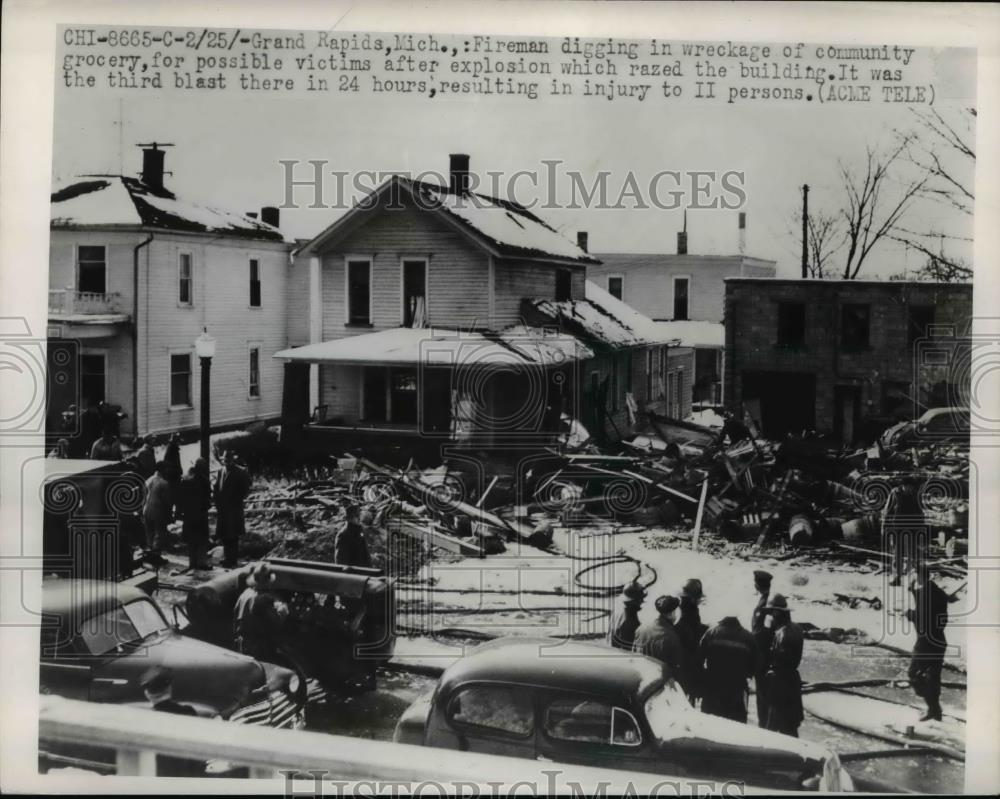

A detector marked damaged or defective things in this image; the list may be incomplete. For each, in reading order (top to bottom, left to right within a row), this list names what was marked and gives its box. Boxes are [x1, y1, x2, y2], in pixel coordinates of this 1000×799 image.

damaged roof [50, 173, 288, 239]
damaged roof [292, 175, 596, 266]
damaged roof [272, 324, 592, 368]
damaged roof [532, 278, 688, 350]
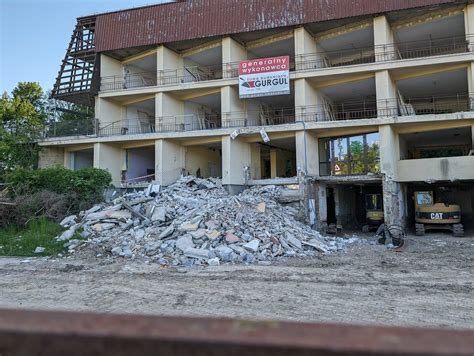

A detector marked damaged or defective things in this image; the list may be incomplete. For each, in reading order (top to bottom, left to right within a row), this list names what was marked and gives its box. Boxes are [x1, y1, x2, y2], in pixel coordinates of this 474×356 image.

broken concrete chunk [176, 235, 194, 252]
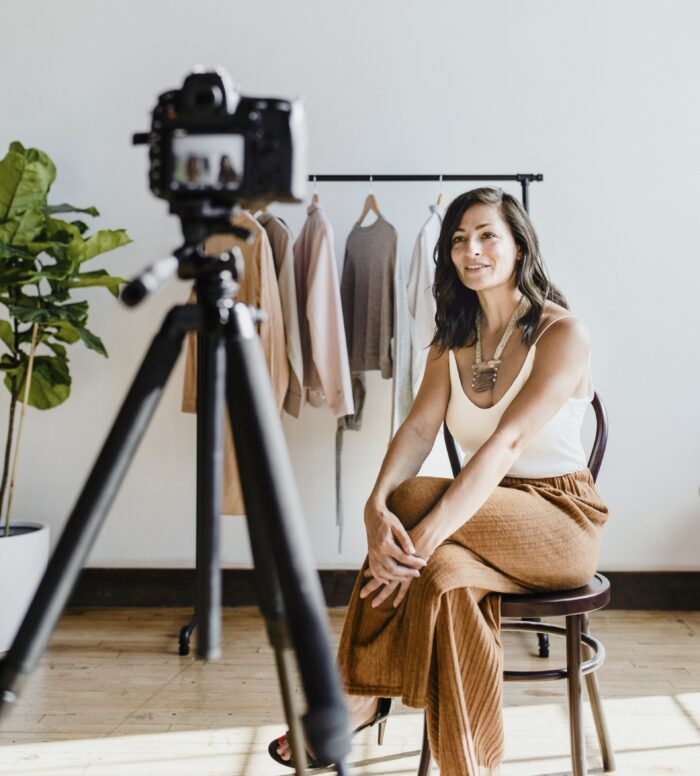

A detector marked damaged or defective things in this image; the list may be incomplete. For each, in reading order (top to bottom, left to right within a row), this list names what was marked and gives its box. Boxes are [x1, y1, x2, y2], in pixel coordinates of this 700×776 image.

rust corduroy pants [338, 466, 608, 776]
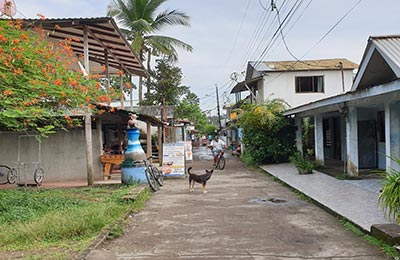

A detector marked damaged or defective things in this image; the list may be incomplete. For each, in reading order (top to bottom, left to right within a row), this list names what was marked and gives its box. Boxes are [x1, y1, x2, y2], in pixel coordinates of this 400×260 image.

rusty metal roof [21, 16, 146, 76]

WORK TASK
This exercise calls for a verbatim output of the entries, pictures omitted.

EXPECTED ANSWER
A detector marked damaged or defective things in this image; the list may be incomplete. For each, in reading order (top to bottom, left to right within a row), this list names what was marked and gives its box. Boxes are [x1, y1, x2, y2], in pixel coordinates of this 1000×799 image.

damaged roof [50, 173, 288, 239]
damaged roof [292, 175, 596, 266]
damaged roof [272, 324, 592, 368]
damaged roof [532, 278, 688, 350]

A detector marked damaged or defective things in this image; the list may be incomplete. For each, in reading order (top to bottom, left to right within a row), this list names what was marked and gives its box. Boxes are [x1, y1, x2, y2], in pixel coordinates of this 474×356 image.

broken concrete chunk [176, 235, 194, 252]

A detector marked damaged or defective things in this image; the list may be incomplete. For each, in reading order (top to bottom, left to right within a row), this list names what was marked and gives its box. Boxes are [x1, y1, x2, y2], in pixel coordinates of this 700×776 image.

rust corduroy pants [338, 466, 608, 776]

A detector marked damaged or defective things in this image; the list may be incomplete. For each, in reading order (top to bottom, left to right within a row), this list names what was marked and gives its box. Boxes are [x1, y1, x2, y2], in pixel coordinates of this 400×260 image.

rusty metal roof [21, 16, 146, 76]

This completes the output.